MATERIAL FOR THIS TASK
━━━━━━━━━━━━━━━━━━━━━━━━━━━━━━
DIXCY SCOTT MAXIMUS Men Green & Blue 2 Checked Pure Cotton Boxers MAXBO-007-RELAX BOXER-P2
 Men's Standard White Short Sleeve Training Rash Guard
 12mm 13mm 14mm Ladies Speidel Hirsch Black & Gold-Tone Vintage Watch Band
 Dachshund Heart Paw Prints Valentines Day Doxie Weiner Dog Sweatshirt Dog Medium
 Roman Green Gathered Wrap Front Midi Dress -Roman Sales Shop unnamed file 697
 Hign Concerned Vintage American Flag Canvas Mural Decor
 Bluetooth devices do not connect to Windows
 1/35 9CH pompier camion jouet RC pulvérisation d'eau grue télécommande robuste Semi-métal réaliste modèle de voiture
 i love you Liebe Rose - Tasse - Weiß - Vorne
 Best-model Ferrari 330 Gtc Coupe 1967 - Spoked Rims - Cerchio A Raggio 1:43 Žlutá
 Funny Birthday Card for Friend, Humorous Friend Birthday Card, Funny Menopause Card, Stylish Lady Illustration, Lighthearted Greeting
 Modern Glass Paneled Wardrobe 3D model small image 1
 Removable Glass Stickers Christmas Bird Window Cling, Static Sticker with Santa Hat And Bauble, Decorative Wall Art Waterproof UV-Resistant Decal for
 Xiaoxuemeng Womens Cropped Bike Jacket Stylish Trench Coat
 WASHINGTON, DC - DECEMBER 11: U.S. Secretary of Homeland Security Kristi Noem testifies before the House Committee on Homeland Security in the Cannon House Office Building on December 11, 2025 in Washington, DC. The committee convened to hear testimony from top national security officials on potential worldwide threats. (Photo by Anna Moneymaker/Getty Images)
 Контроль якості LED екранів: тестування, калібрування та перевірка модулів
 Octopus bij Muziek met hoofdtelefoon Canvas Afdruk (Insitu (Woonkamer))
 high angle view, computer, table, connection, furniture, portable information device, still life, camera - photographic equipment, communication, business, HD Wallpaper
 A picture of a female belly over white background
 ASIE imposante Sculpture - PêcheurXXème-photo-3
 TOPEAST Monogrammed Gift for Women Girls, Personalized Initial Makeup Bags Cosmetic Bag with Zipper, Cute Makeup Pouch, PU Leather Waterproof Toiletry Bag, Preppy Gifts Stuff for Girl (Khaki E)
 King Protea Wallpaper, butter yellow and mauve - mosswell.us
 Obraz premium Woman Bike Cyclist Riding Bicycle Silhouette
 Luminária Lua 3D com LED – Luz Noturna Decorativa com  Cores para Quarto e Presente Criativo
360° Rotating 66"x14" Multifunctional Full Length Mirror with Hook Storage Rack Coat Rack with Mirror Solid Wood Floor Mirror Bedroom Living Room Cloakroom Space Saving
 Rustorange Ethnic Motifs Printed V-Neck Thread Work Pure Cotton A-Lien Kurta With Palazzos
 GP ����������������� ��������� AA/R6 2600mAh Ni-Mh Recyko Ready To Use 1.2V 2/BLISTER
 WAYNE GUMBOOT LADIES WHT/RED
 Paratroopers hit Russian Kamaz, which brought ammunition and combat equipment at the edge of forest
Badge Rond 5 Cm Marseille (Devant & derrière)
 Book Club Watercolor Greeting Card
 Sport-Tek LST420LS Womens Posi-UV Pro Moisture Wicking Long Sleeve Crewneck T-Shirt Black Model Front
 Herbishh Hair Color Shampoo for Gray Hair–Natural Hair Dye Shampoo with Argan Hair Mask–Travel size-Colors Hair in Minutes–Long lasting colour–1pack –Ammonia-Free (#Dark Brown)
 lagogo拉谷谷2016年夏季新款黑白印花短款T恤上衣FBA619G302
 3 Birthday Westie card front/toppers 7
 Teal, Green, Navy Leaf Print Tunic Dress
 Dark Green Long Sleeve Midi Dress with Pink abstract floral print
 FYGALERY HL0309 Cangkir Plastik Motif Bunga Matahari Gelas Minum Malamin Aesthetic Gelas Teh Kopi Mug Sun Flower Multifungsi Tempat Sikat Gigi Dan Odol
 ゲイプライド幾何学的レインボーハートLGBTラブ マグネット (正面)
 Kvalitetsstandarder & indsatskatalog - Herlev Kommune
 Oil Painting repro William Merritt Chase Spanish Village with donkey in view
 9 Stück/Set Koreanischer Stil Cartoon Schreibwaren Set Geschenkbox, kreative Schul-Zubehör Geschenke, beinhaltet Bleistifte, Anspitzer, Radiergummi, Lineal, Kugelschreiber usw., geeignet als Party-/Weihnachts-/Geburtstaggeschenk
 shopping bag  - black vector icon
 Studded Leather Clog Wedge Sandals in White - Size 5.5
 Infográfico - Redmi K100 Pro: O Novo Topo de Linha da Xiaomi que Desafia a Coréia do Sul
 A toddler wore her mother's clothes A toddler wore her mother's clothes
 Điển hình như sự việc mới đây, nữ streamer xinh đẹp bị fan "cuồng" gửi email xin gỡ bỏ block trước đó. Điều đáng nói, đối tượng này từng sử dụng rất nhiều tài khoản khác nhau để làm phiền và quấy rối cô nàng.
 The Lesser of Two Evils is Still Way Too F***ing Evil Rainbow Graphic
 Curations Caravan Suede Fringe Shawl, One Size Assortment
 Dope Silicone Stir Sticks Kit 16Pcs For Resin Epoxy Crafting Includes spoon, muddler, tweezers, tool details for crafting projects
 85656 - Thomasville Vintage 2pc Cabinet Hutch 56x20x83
━━━━━━━━━━━━━━━━━━━━━━━━━━━━━━
WORK TO BE COMPLETED
Your task for the entries above: copy exactly the span starting with the line with "GP ����������������� ��������� AA/R6" and going on through the line with "Dark Green Long", both lines included, and nothing else.

FINAL ANSWER
 GP ����������������� ��������� AA/R6 2600mAh Ni-Mh Recyko Ready To Use 1.2V 2/BLISTER
 WAYNE GUMBOOT LADIES WHT/RED
 Paratroopers hit Russian Kamaz, which brought ammunition and combat equipment at the edge of forest
Badge Rond 5 Cm Marseille (Devant & derrière)
 Book Club Watercolor Greeting Card
 Sport-Tek LST420LS Womens Posi-UV Pro Moisture Wicking Long Sleeve Crewneck T-Shirt Black Model Front
 Herbishh Hair Color Shampoo for Gray Hair–Natural Hair Dye Shampoo with Argan Hair Mask–Travel size-Colors Hair in Minutes–Long lasting colour–1pack –Ammonia-Free (#Dark Brown)
 lagogo拉谷谷2016年夏季新款黑白印花短款T恤上衣FBA619G302
 3 Birthday Westie card front/toppers 7
 Teal, Green, Navy Leaf Print Tunic Dress
 Dark Green Long Sleeve Midi Dress with Pink abstract floral print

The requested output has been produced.